Predicting the oil price may be about as easy as picking winning lottery numbers, but it didn’t deter leading City experts giving it their best at an event held in the city.

Business owners and decision-makers from the energy sector heard leading market analysts debate which way the oil price market would swing.

The debate was between Tom Nelson, head of commodities & resources at Investec Asset Management, and Richard Buxton, chief executive of Old Mutual Global investors and was chaired by Quilter Cheviot’s chief investment officer, Duncan Gwyther.

Nelson said oil prices – which currently stand at $30 – may reach $60 a barrel by the end of 2016.

Buxton said oil prices were likely to be capped at between $50-60 for the next five years.

The pair agreed that major oil company dividends will be sustained throughout 2016.

A hot topic around the table was how the rate of growth in oil prices is likely to affect the North Sea oil industry, with most agreeing that oil prices need to rise relatively quickly in order to sustain the sector and that this will be largely influenced by non-OPEC production.

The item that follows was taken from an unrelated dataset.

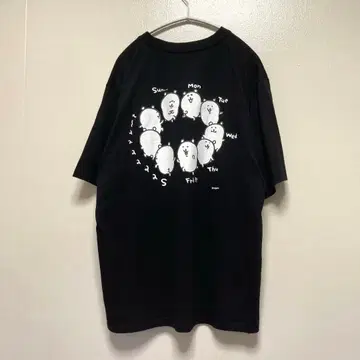 SPAO x 나가노 한국 한정판 농담곰 T셔츠 블랙 L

Nelson said under-investment in the oil industry, could lead to a price spike in five to seven years’ time, as supplies shortened.

He rejected a narrative that suggests slowing Chinese GDP growth was largely responsible for the recent slump in oil prices. He told the audience that Chinese demand for oil was actually at its strongest in 2015.

Buxton said that while there is a risk that coal may become a stranded asset in the future, oil will retain its appeal “while planes use fuel to fly”. He added that while new forms of sustainable/alternative energy will inevitably make their mark on the commodities sector, they are likely to have a minimal impact on oil demand.

The event at the Marcliffe Hotel, was hosted by Paul Shanahan, director at Futura Investments and was attended by business owners and decision-makers from across the energy sector.

Discussing the event, Gillian Bailey, investment director of event sponsor Quilter Cheviot, said: “Oil prices are central to the fortunes of the markets and there are always so many intricacies which play a part in the health of the sector.”